■ **Records for this exercise**
= Beginning of Section =

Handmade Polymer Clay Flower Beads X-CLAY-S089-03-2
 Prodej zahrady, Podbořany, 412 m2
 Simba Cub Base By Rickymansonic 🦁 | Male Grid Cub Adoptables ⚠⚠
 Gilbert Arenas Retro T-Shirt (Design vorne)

= End of Section =
= Beginning of Section =

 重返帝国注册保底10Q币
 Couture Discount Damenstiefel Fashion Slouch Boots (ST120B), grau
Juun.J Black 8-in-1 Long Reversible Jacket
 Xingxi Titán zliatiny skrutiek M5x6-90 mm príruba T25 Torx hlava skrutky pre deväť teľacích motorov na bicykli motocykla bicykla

= End of Section =

■ **Problem description**
The lines above from the one with "Handmade Polymer Clay" through the one with "Gilbert Arenas Retro T-Shirt (Design vorne)" are to be duplicated exactly, ends included, with nothing added.

■ **Result of the exercise**
Handmade Polymer Clay Flower Beads X-CLAY-S089-03-2
 Prodej zahrady, Podbořany, 412 m2
 Simba Cub Base By Rickymansonic 🦁 | Male Grid Cub Adoptables ⚠⚠
 Gilbert Arenas Retro T-Shirt (Design vorne)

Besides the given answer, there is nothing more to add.